I am using TuneGridSearchCV to tune an XGBoost model of significant size on my university’s HPC cluster. I get errors saying “Processing trial results took X s, which may be a performance bottleneck. Please consider reporting results less frequently to Ray Tune.” How can I report less frequently for TuneGridSearchCV? The results are in ray_results in my home directories which is very slow to write to. Our work directories are very fast so it might also help if I can move ray_results to a different directory.
I tried setting early_stopping = True which speeds up the process and removes the bottleneck but then I get a warning saying “UserWarning: early_stopping is enabled but max_iters = 1. To enable partial training, set max_iters > 1.” and “UserWarning: tune-sklearn implements incremental learning for xgboost models following this: incremental learning, partial_fit like sklearn? · Issue #1686 · dmlc/xgboost · GitHub. This may negatively impact performance. To disable, set early_stopping=False
.” I’ve been testing on smaller parameter spaces but if I expand to the full parameter space I’m afraid it will slow down (although I don’t understand the max_iter warning as that shouldn’t apply to TuneGridSearchCV).
Essentially it is the reporting that is causing my model to slow down and fail due to running out of storage in the directory that ray_results is in so I have 3 questions (and please understand I am quite new to all this, I tried looking in the docs but I don’t exactly understand what to do):
- How can I report less frequently?
- How can I change the ray_results folder from ~/ray_results to something else?
- Should I implement early stopping despite the warnings?
I would really appreciate answers to any/all 3! Thank you!
import numpy as np
import pandas as pd
from pandas import MultiIndex, Int16Dtype
from sklearnex import patch_sklearn #these lines MUST come before importing any sklearn packages
patch_sklearn()
import xgboost as xgb
from tune_sklearn import TuneGridSearchCV
from datetime import datetime
import sys
if __name__ == "__main__":
df_train = pd.read_excel('my_dataset.xlsx', sheet_name = 'Train')
train_cols = df_train.columns[df_train.columns != 'Response']
X_train = pd.DataFrame(df_train, columns=train_cols)
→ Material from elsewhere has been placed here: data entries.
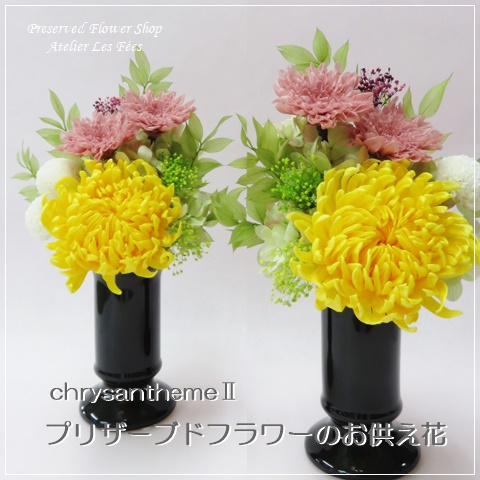 ChrysanthemeⅡ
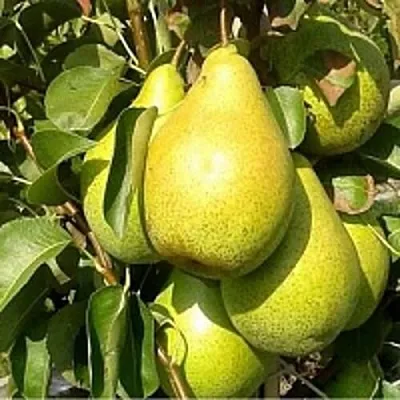 Груша ПАТЕН (ГЛУБОКСКАЯ)  Груша ПАТЕН (ГЛУБОКСКАЯ) в Ижевске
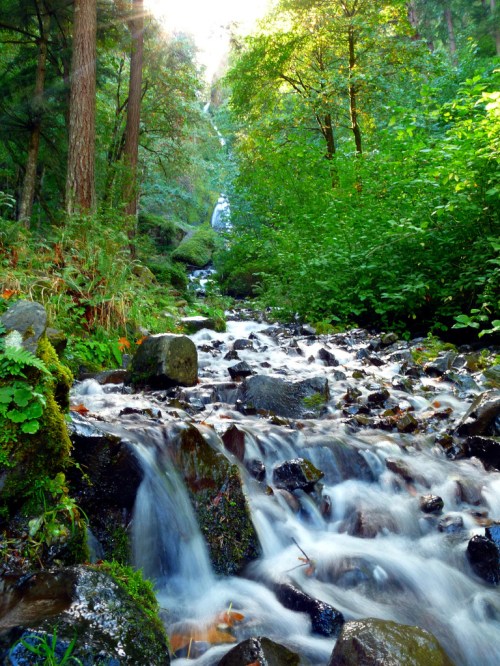 A serene forest scene with a flowing stream, moss-covered rocks, and lush greenery, leading to a distant waterfall.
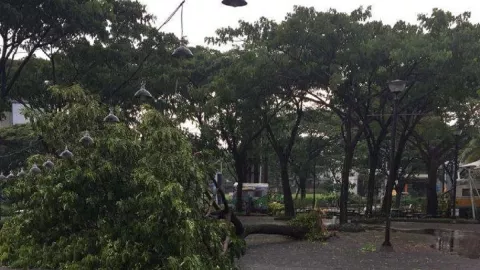 Surabaya Diguyur Hujan Deras Disertai Angin, 13 Pohon Tumbang - GenPI.co JATIM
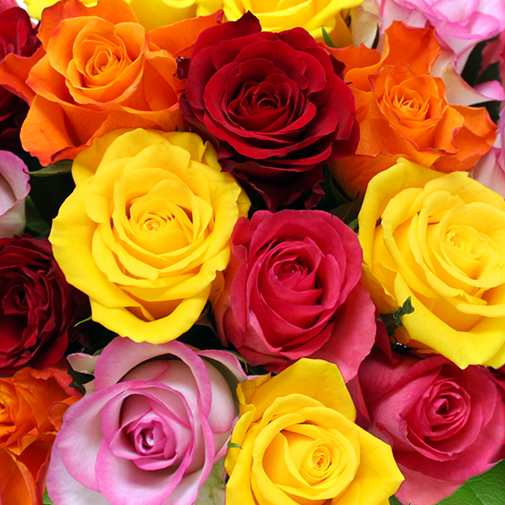 Fleurs et cadeaux Brassée de 20 roses et son écrin FAUCHON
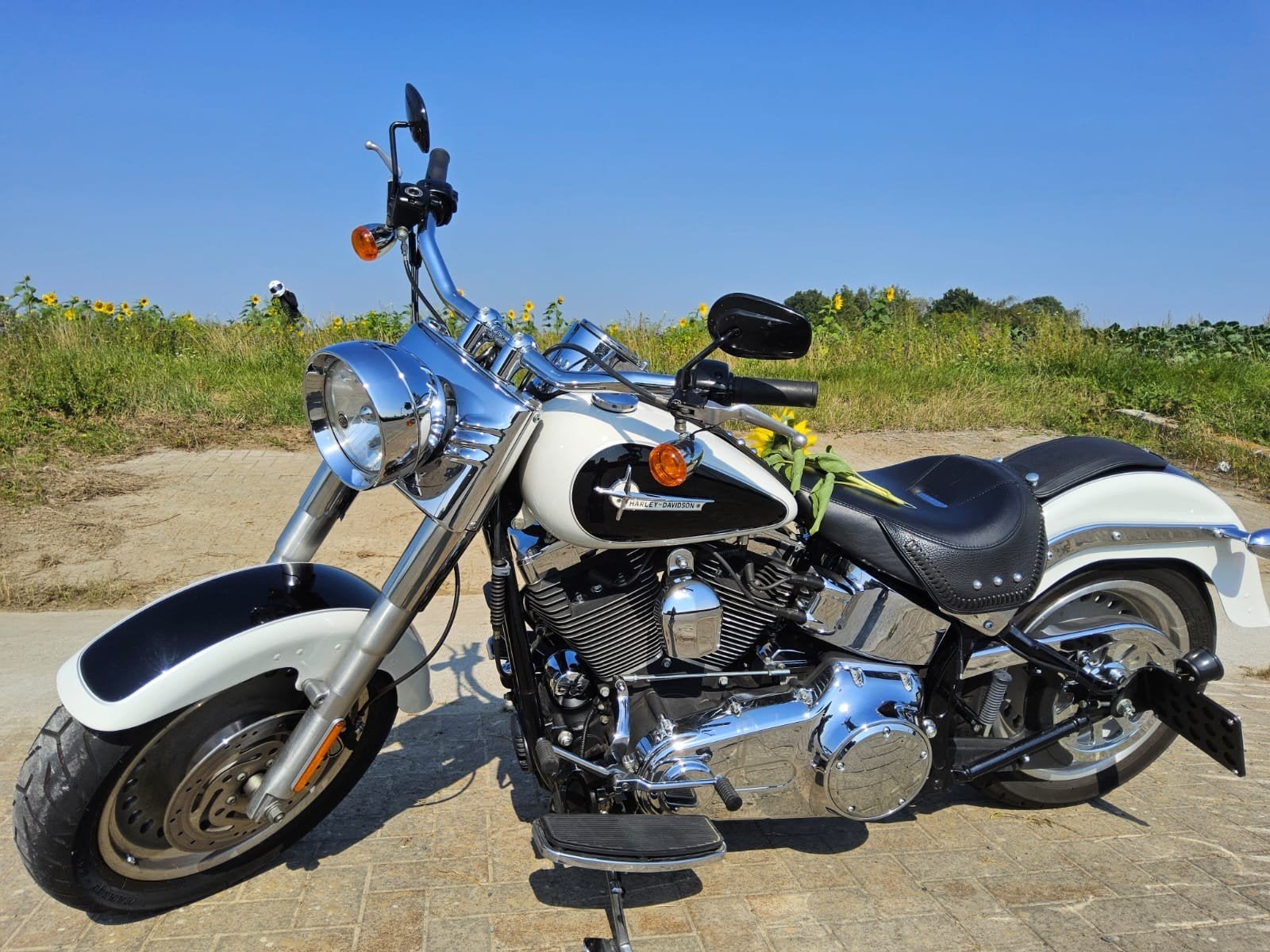 Harley Davidson Fatboy, Motoren, Motoren | Harley-Davidson, 2 cilinders, Gebruikt, Particulier, Meer dan 35 kW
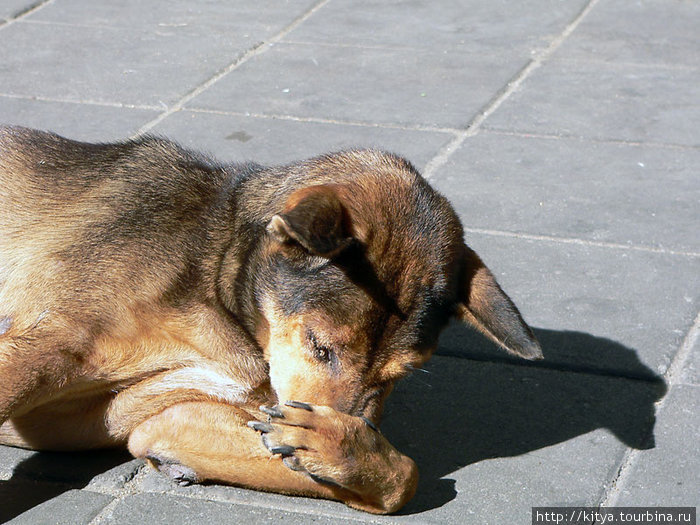 Тайланд: куча мала Бангкок, Таиланд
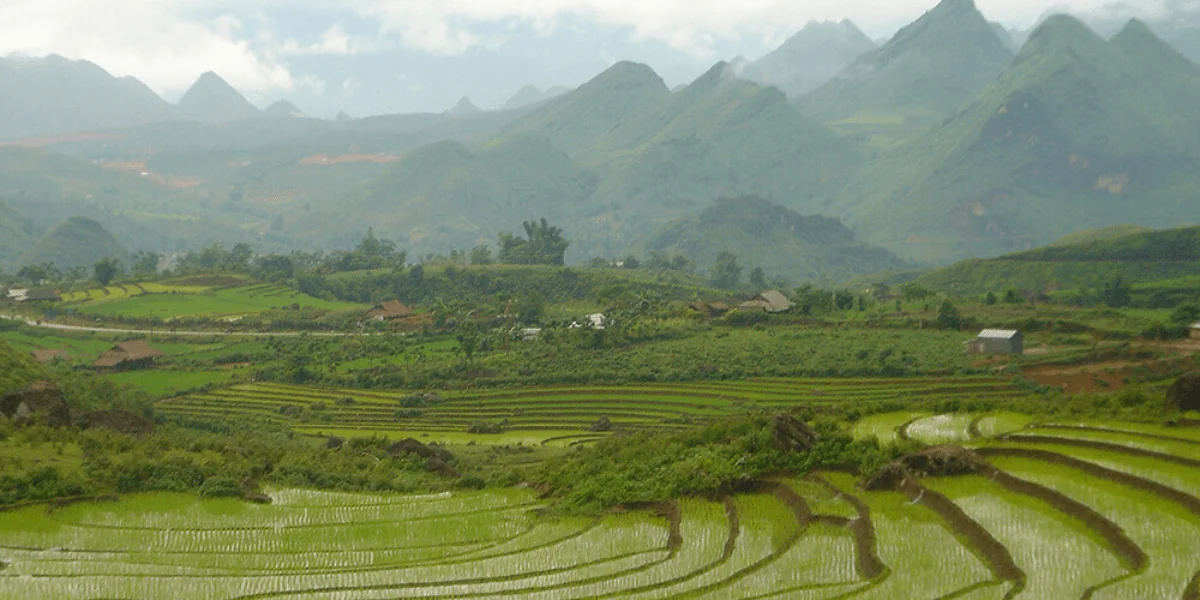 Vietnam 1-min.webp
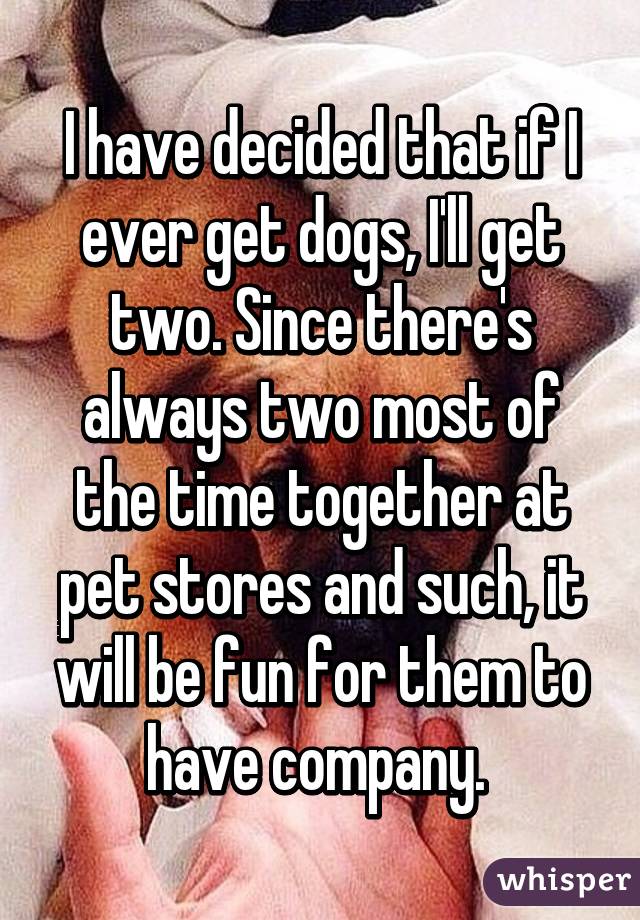 I have decided that if I ever get dogs, I'll get two. Since there's always two most of the time together at pet stores and such, it will be fun for them to have company. 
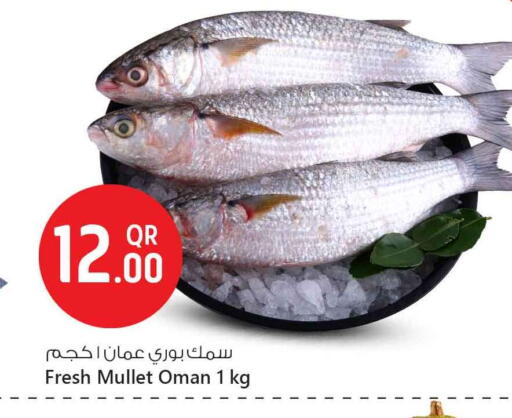 available at Safari Hypermarket in Qatar - Al Daayen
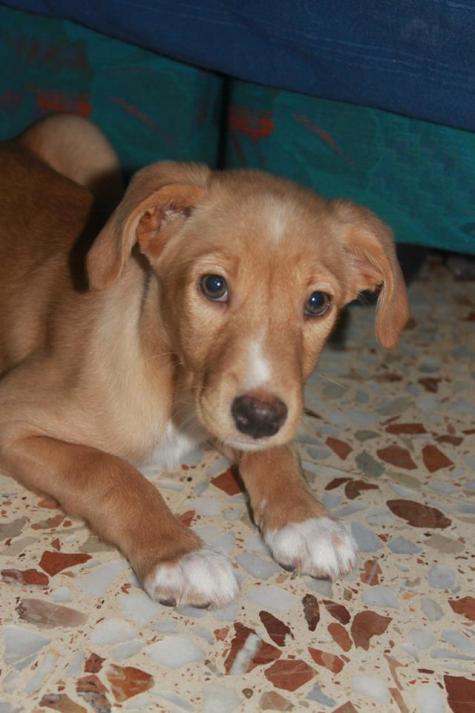 ESPINETE y TOM (adoptado)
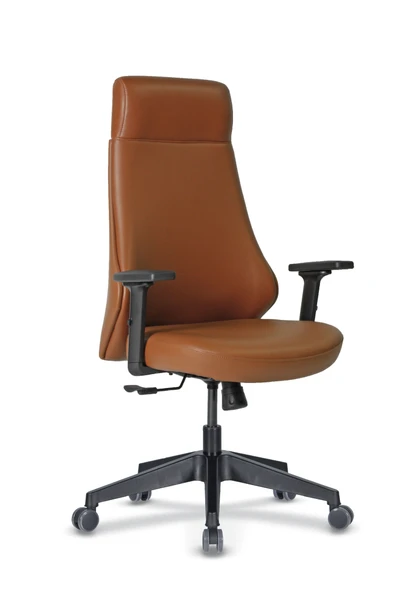 Casella Canvas Döşemeli Yönetici Koltuğu | Ofi̇s Koltuğu | Ergonomik, Şık Ve Fonksiyonel - 9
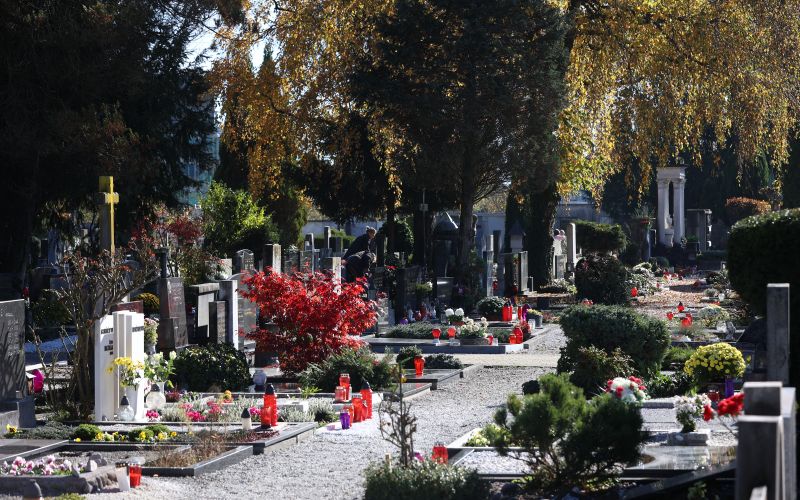 ljubljanske žale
y_train = pd.DataFrame(df_train, columns=['Response'])
params = {
"n_estimators" : list(range(100, 800, 100)),
"max_depth" : list(range(2, 12, 2)), #range: [0,∞] from document
"min_child_weight" : list(range(2, 12, 2)) #range: [0,∞] from document
#"gamma" : np.arange(0, 1.05, 0.1), #range: [0,∞] from document
#"colsample_bytree" : np.arange(0.5, 1.05, 0.1), #range: [0,1] from document
#"colsample_bylevel" : np.arange(0.5, 1.05, 0.1), #range: [0,1] from document
#'reg_lambda': [0.1, 1.0, 5.0, 10.0, 25.0, 50.0]
}
xgb_model = xgb.XGBClassifier(seed=0, use_label_encoder = False, tree_method = 'hist')
print("Tree method = hist, 74 cores, a100 gpu, 3 gpus per, hist, early stopping")
print(params)
grid_cv = TuneGridSearchCV(xgb_model, param_grid = params, early_stopping = True, cv = 5, n_jobs = -1, scoring='roc_auc', use_gpu=True)
current_time = datetime.now().strftime("%H:%M:%S")
print("Start Time =", current_time)
print('\n\n')
grid_cv.fit(X_train, y_train.values.ravel())
current_time = datetime.now().strftime("%H:%M:%S")
print('End Time: ', current_time)
print('\n\n')
print('Grid best score (roc_auc): ')
print(grid_cv.best_score_)
print('\n\n')
print('Grid best hyperparameters: ')
print(grid_cv.best_params_)
print('\n\n')